*** Block opens ***

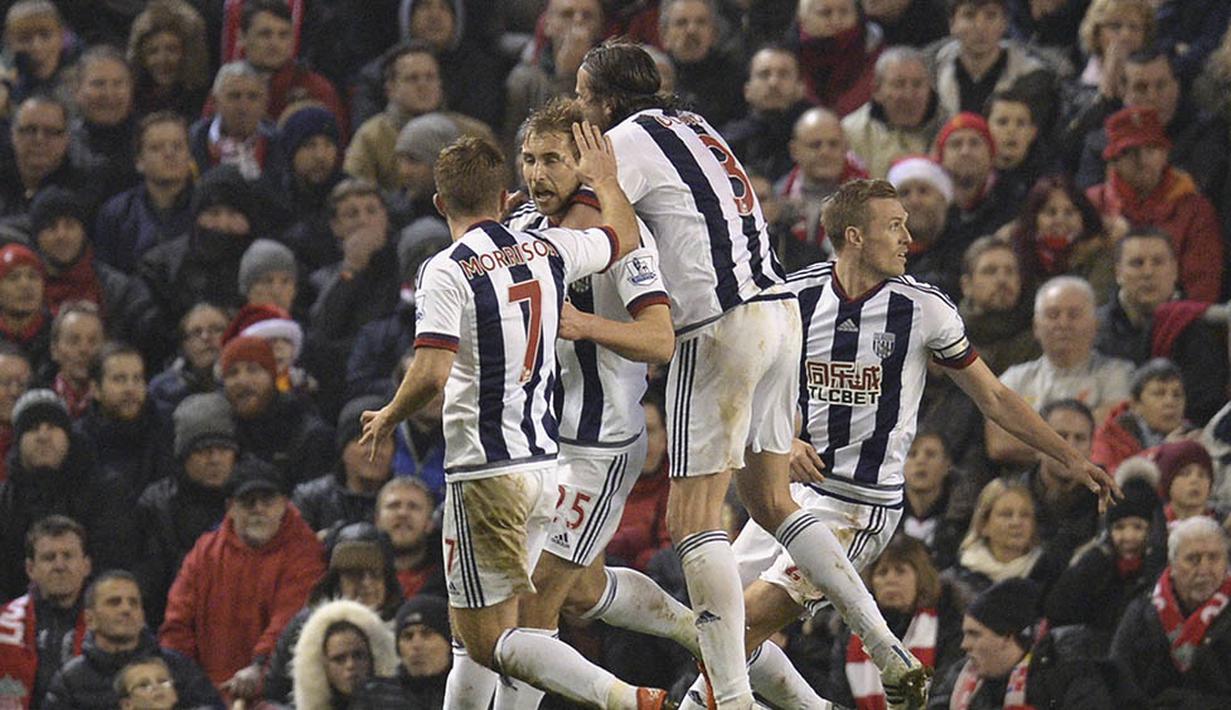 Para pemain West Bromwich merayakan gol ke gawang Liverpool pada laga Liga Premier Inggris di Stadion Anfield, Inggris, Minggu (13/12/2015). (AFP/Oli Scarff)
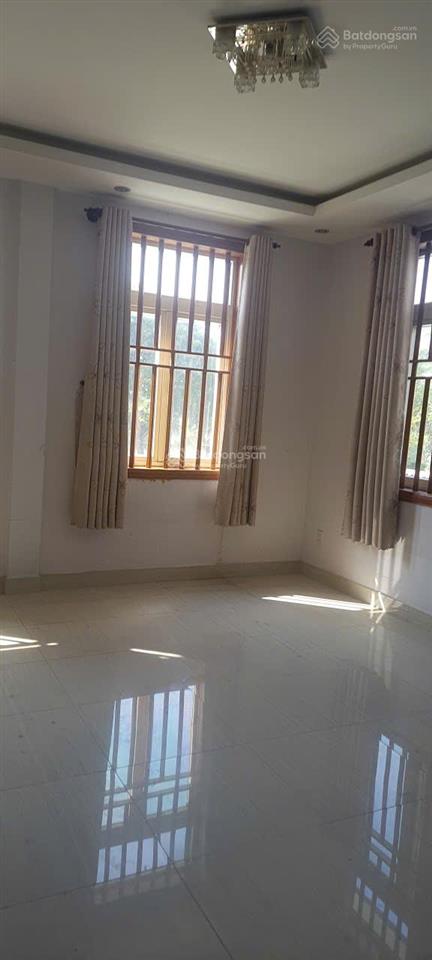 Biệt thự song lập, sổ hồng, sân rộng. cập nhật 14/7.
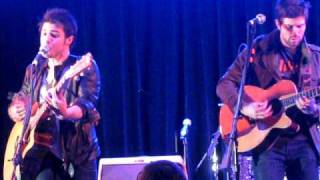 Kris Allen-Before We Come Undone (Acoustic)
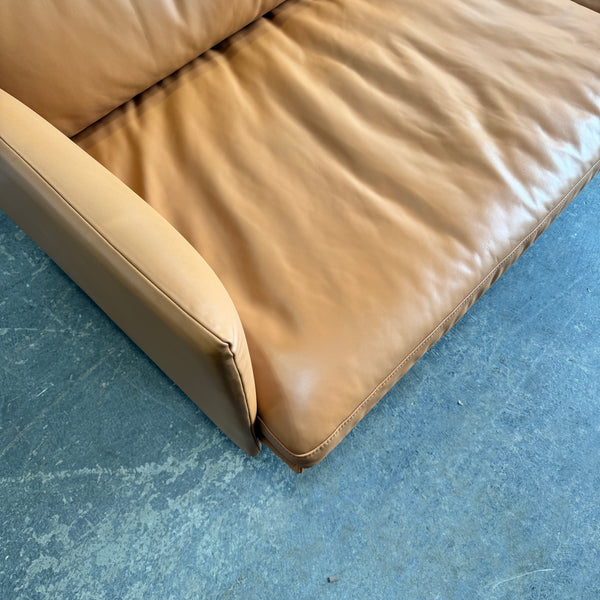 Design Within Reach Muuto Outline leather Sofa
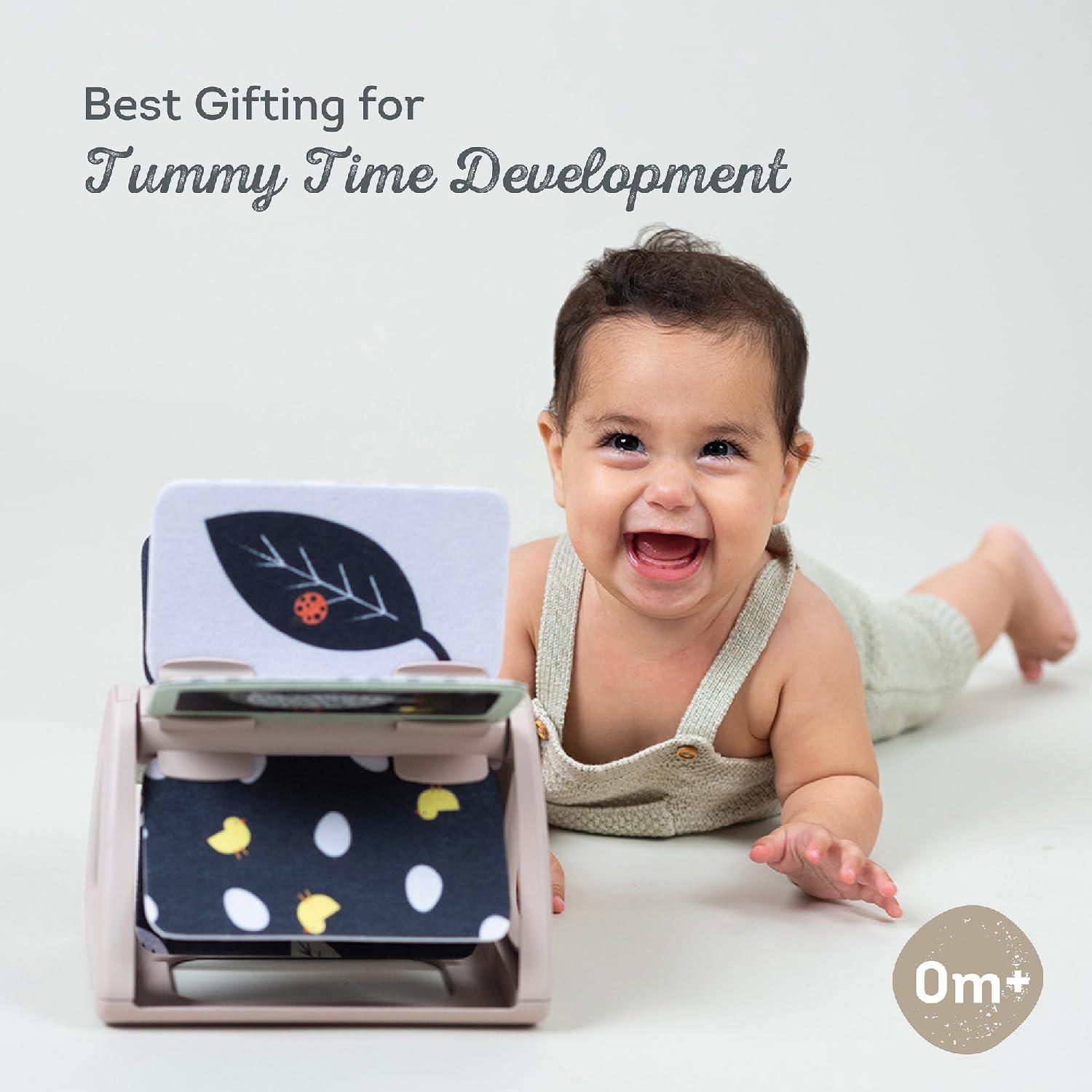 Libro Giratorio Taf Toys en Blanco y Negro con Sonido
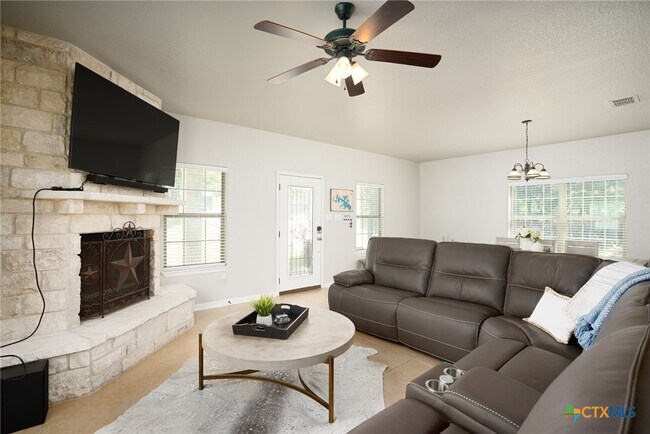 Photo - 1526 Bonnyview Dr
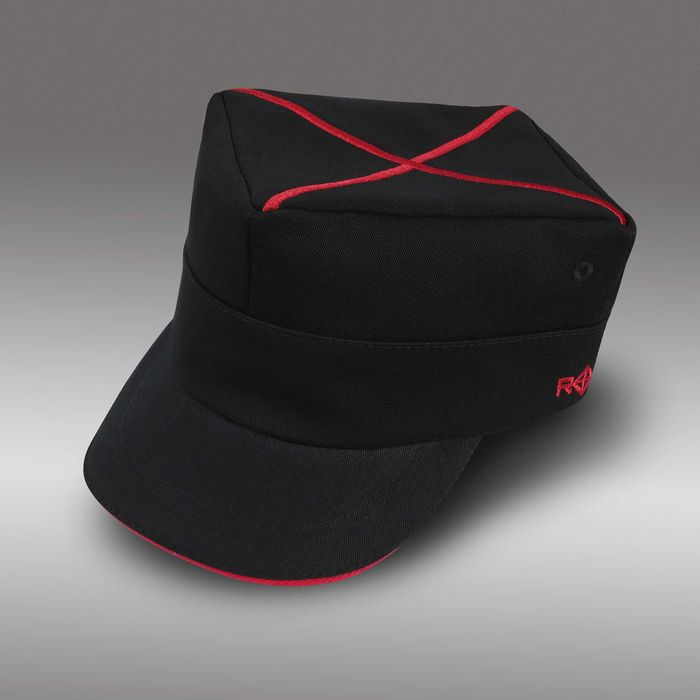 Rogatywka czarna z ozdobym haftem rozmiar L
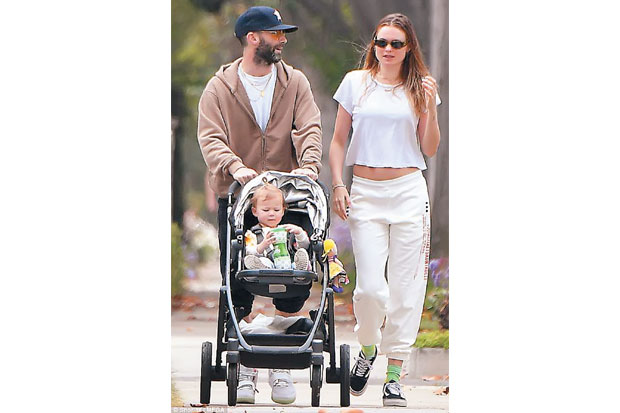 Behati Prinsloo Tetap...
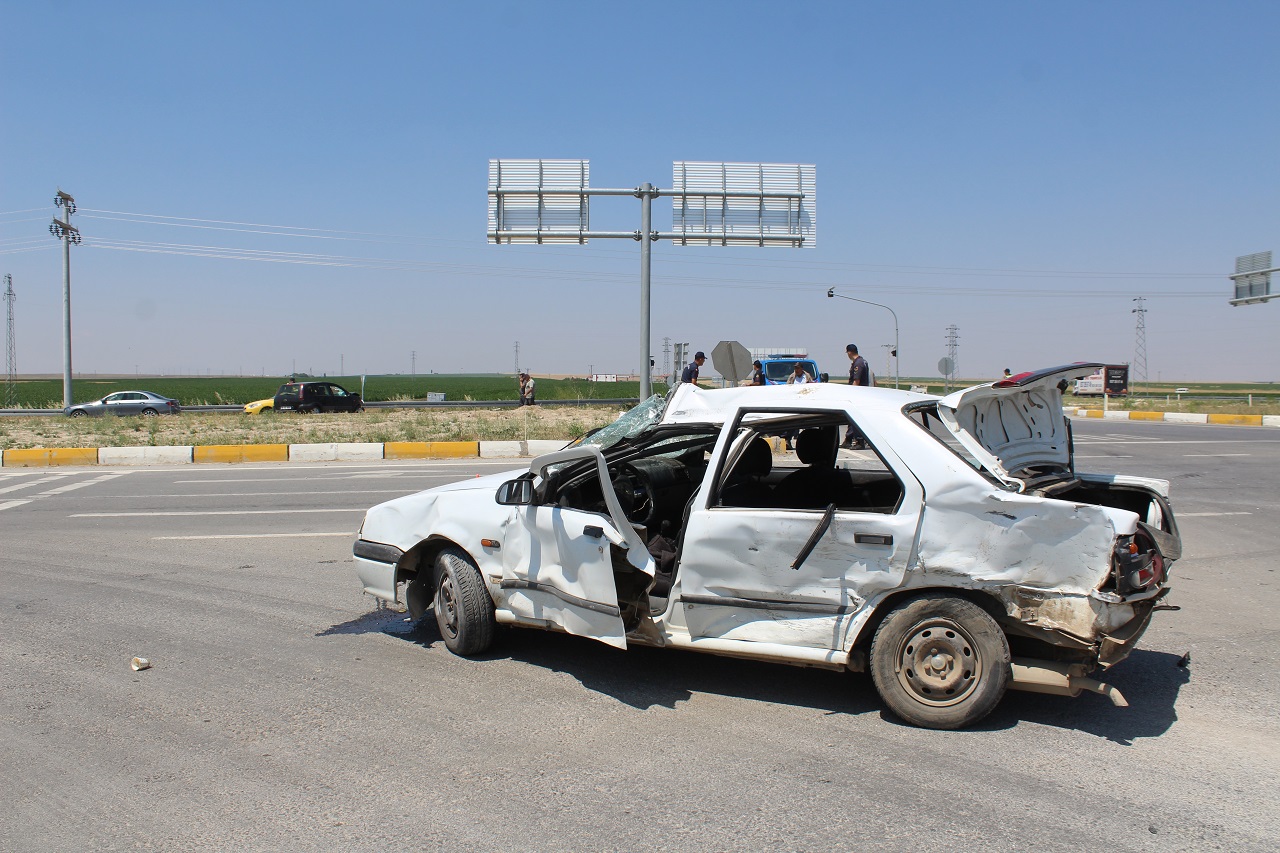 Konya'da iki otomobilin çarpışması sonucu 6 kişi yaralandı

*** Block closes ***

• [PROBLEM REQUIREMENTS] What you return must match the lines from the top of the data through the line with "Photo - 1526 Bonnyview Dr" exactly, with the pictures removed.

• [COMPLETED EXERCISE]
 Para pemain West Bromwich merayakan gol ke gawang Liverpool pada laga Liga Premier Inggris di Stadion Anfield, Inggris, Minggu (13/12/2015). (AFP/Oli Scarff)
 Biệt thự song lập, sổ hồng, sân rộng. cập nhật 14/7.
 Kris Allen-Before We Come Undone (Acoustic)
 Design Within Reach Muuto Outline leather Sofa
 Libro Giratorio Taf Toys en Blanco y Negro con Sonido
 Photo - 1526 Bonnyview Dr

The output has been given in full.